Bez wsparcia władz centralnych samorząd nie ma żadnych szans, a jeżeli samorząd uważa, że ze wszystkim sobie sam poradzi, to potem pęka mu rura i 3,5 mld litrów sześciennych fekaliów wylewa się do największej polskiej rzeki - powiedział w czwartek w Tomaszowie Mazowieckim (Łódzkie) prezydent Andrzej Duda.

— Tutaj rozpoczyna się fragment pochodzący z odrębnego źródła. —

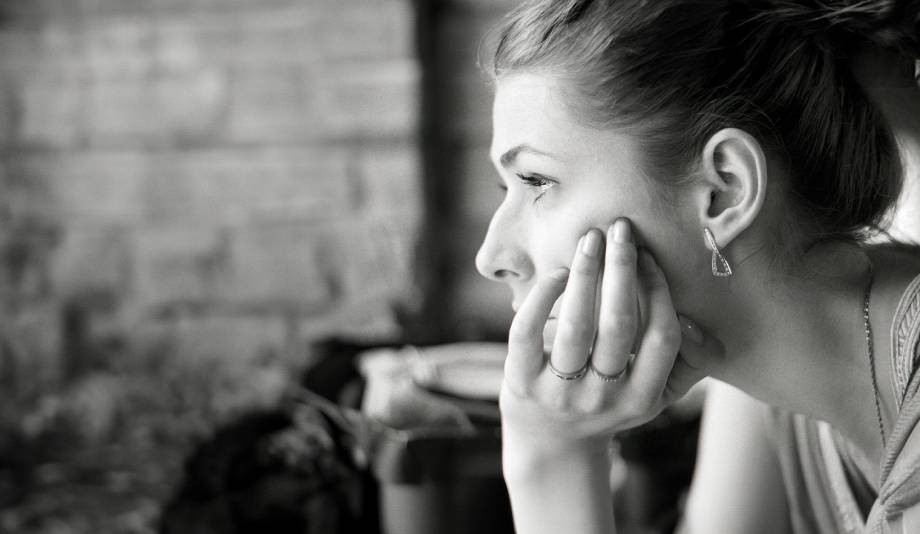 Black and white photo of a woman in profile resting her chin on her hand, looking thoughtfully into the distance, capturing the quiet contemplation seen during emotional distress claims amid COVID-19 in Brooklyn NYC.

Jak podkreślił, pracując z kolei jako wiceminister sprawiedliwości zobaczył, w jaki sposób "sprawy wielkie, państwowe przekładają się na funkcjonowanie samorządu". Wyraził przekonanie, że bez wsparcia ze strony władz centralnych samorząd nie ma żadnych szans".
"Ostatnimi czasy życie pokazuje, że rzeczywiście tak jest, a jeżeli samorząd ma ten problem, że uważa, że może sobie funkcjonować sam i ze wszystkim sobie sam poradzi, to potem pęka mu rura i przez 29 dni nie informuje rządu, że nie umie jej załatać, i 3,5 mld litrów sześciennych fekaliów wylewa się do największej polskiej rzeki" - powiedział Duda.
Jak zauważył, "współdziałanie władz dla dobra mieszkańców i Rzeczpospolitej jest bardzo ważne i jeżeli komuś zacietrzewienie polityczne zaćmiewa umysł, i zalewa mózg, to ma rzeczywiście problem, i po prostu krótko mówiąc nie nadaje się, pokazuje, że się nie nadaje".